▶ Task item: Write the listing out again word for word, excluding any pictures.

▶ Given information:
----------
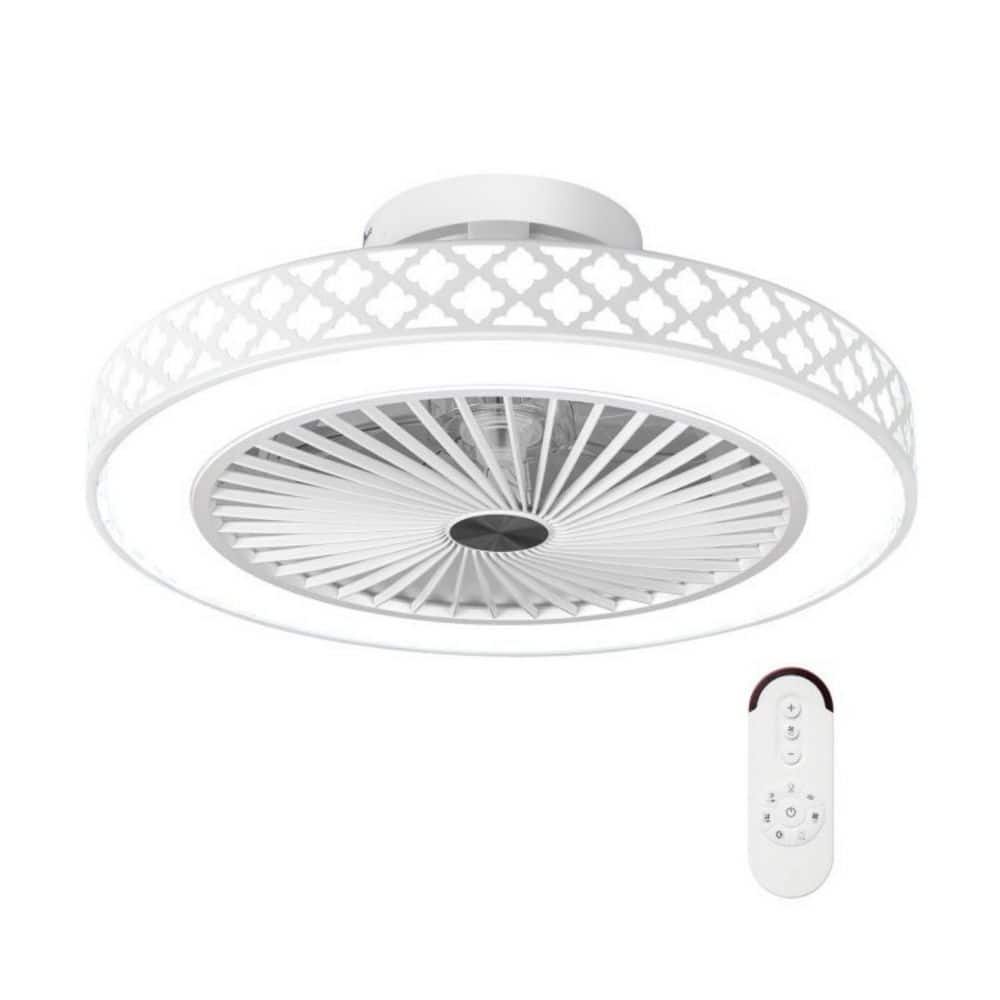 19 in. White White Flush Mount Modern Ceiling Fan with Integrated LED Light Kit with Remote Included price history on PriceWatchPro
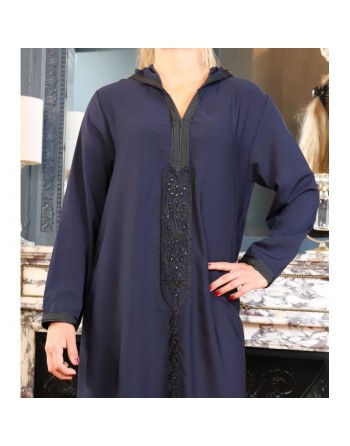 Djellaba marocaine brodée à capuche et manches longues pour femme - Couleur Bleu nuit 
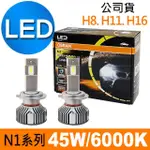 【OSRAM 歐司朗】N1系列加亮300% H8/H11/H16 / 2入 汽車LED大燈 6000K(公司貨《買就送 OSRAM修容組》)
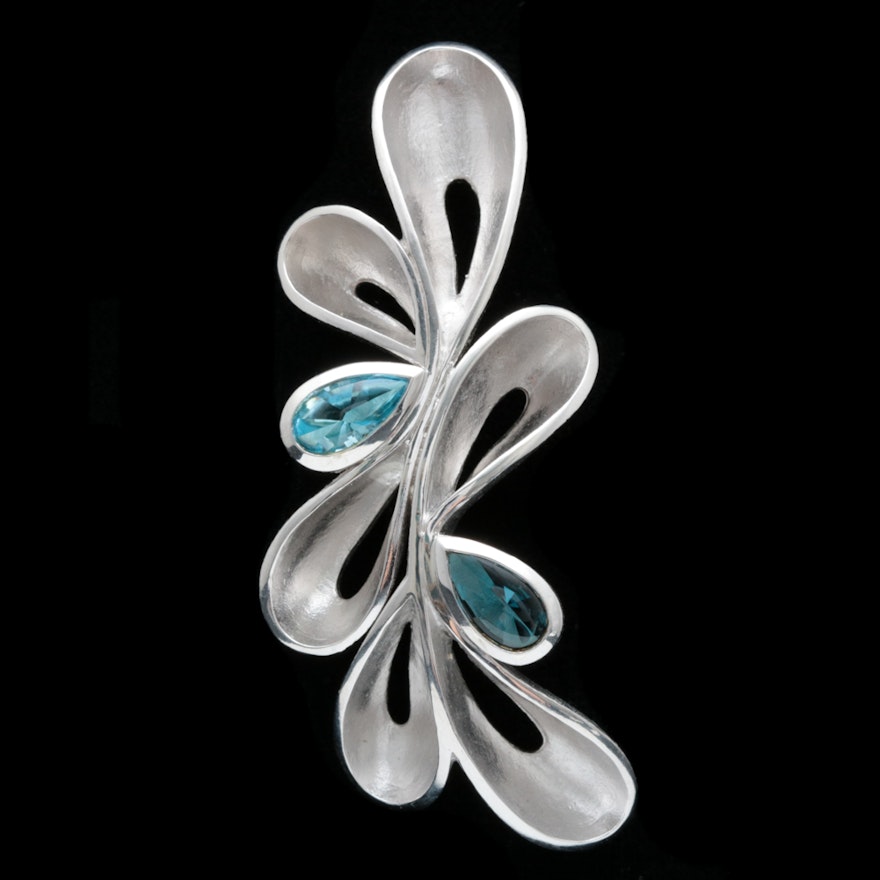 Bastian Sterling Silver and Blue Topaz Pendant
----------
▶ Completed exercise:
 19 in. White White Flush Mount Modern Ceiling Fan with Integrated LED Light Kit with Remote Included price history on PriceWatchPro
 Djellaba marocaine brodée à capuche et manches longues pour femme - Couleur Bleu nuit 
 【OSRAM 歐司朗】N1系列加亮300% H8/H11/H16 / 2入 汽車LED大燈 6000K(公司貨《買就送 OSRAM修容組》)
 Bastian Sterling Silver and Blue Topaz Pendant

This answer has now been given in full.